In Exensys Software Solutions Ltds case AO noted that it had claimed higher depreciation on software @60% and on software development @100%. AO reworked allowable depreciation. Assessee did not challenge quantum addition. AO levied penalty. CIT(A) held that assessee had made full disclosure of its income and higher percentage claimed in depreciation was only a bonafide error which was corrected. CIT(A) deleted penalty.
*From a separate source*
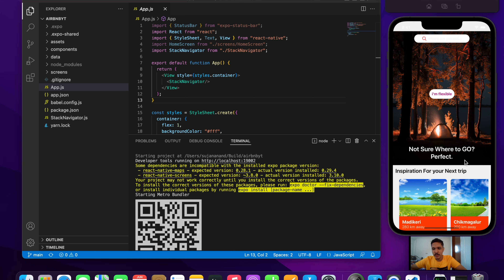What's going on guys? In this video we will be building the Airbnb application with React Native. I have used the Expo framework for developing the application from scratch. This video is just going to be a demo of the application we will be building in the coming videos, so let us go and check out the application.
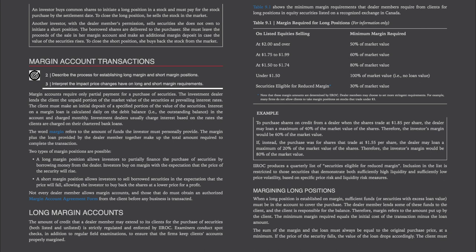Long margin accounts. The amount of credit that a dealer member may extend to its clients for the purchase of securities, both listed and unlisted, is strictly regulated and enforced by the IIROC. Examiners conduct spot checks in addition to regular field examinations to ensure that firms keep clients' accounts properly margined. Table 9-1 shows the minimum margin requirements for long positions in equity securities listed on a recognized Canadian exchange. On listed equities selling at $2 per share or more, the minimum margin required is 50% of market value. At $1.75 to $1.99, it's 60%; at $1.50 to $1.74, it's 80%; and under $1.50, it's 100% of market value. Securities eligible for reduced margin require 30% of market value. Note that these margin requirements are determined by IIROC, but dealer members may choose to set more stringent requirements. For example, many firms do not allow clients to take margin positions on stocks that trade under $3 per share.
ITAT confirmed deletion. - 500369
1. M/s Exensys Software Solutions Ltd was engaged in software business and filed its return of income for the year under consideration admitting Nil income.
2. Later, it filed a revised return of income on admitting Nil income under normal provision and Rs. 1.2 crore under MAT.
3. AO passed assessment order u/s 143(3) (of Income Tax Act, 1961) assessing the total loss admitted by assessee at Rs 2.77 crores.
4. During the course of assessment AO noted that assessee had claimed higher depreciation on software @60% and on software development @100%.
5. Observing that any purchase or development made on software comes under intangible assets and the rate of depreciation is @25% only, AO reworked allowable depreciation and arrived at excess depreciation claimed by assessee at Rs 19.99 crores.
6. Assessee did not go in appeal against the quantum addition.
7. Thereafter, AO initiated penalty proceedings u/s 271(1)(c) (of Income Tax Act, 1961), and levied penalty.
8. CIT(A) cancelled the penalty imposed by AO.
On appeal, the ITAT held as under:
9. We are of the view that penalty cannot be levied on presumptions relying on the judgment of the Hon'ble Supreme Court in the case of Dilip N Shroff Vs JCIT (291 ITR 519).
10. In the case under consideration, the ld. CIT(A) gave a categorical finding that the assessee has made proper and full disclosure of its income and the higher percentage claimed in depreciation was only a bonafide error which was corrected by assessee.
11. Therefore, the ratio laid down by the Hon'ble Supreme Court fully supports and is applicable to the case of assessee.
12. Accordingly, we do not find any infirmity in the order of ld. CIT(A) in cancelling the penalty of Rs. 6,79,65,180/- levied by AO u/s 271(1)(c) (of Income Tax Act, 1961) and the same is hereby upheld dismissing the grounds raised by the revenue.